▶ _Task item_: The lines to retype run from the one containing "6M.VFZN7.001 Acer Travelmate" through the end of the listing below. Reproduce them exactly, leaving out pictures.

BEGIN Dataset extract

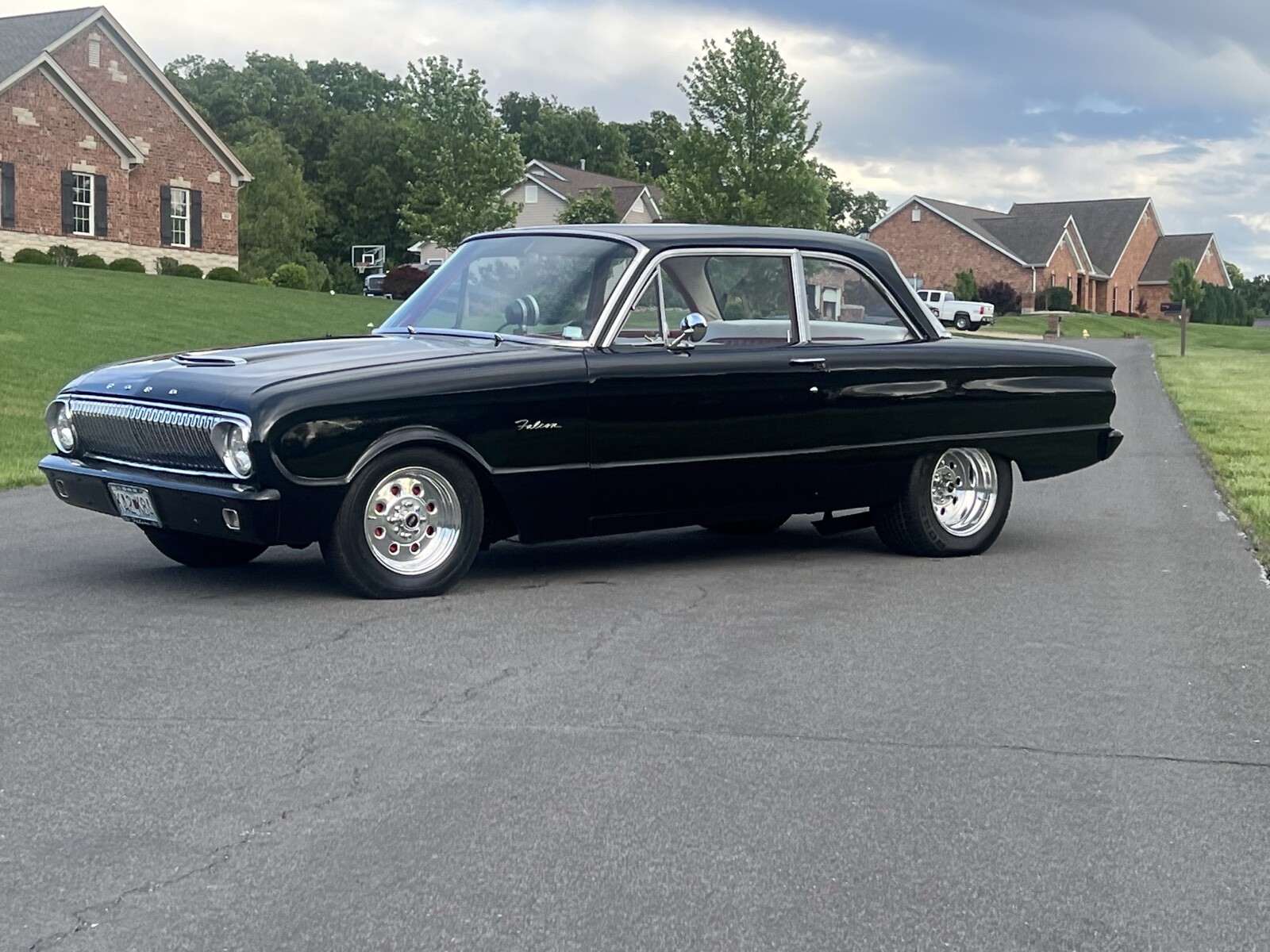 Ford-Falcon-1962-5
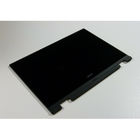 6M.VFZN7.001 Acer Travelmate Spin B1 B118-R LCD Touch Assembly 11.6" B116XAB01.0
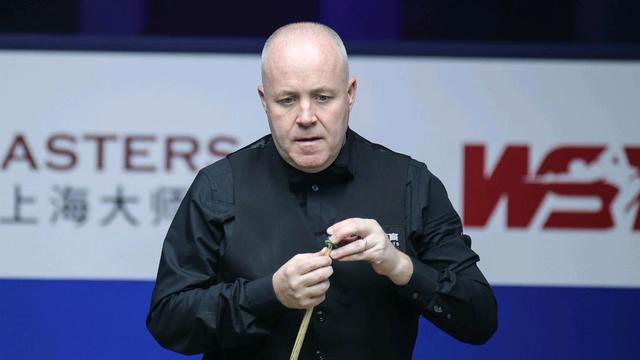 这位巴西足 这位巴西足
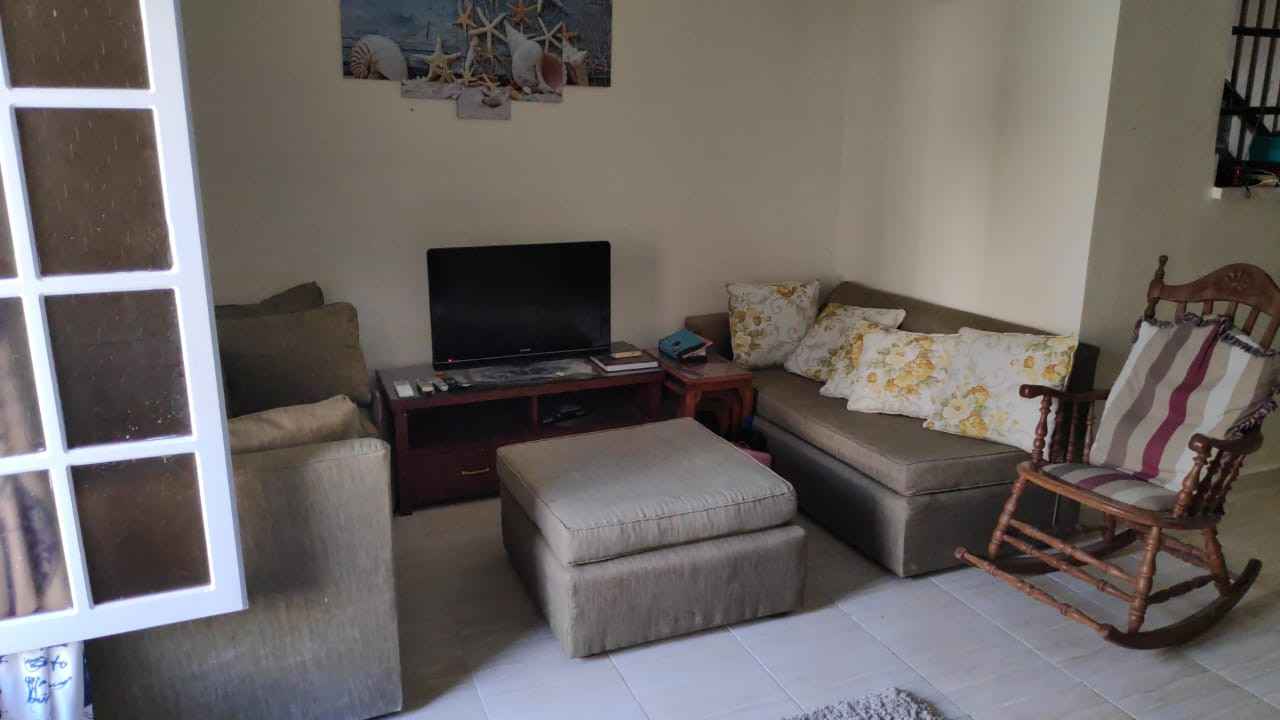 Renzo -   Property 213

END Dataset extract

▶ _Exercise solution_:
 6M.VFZN7.001 Acer Travelmate Spin B1 B118-R LCD Touch Assembly 11.6" B116XAB01.0
 这位巴西足 这位巴西足
 Renzo -   Property 213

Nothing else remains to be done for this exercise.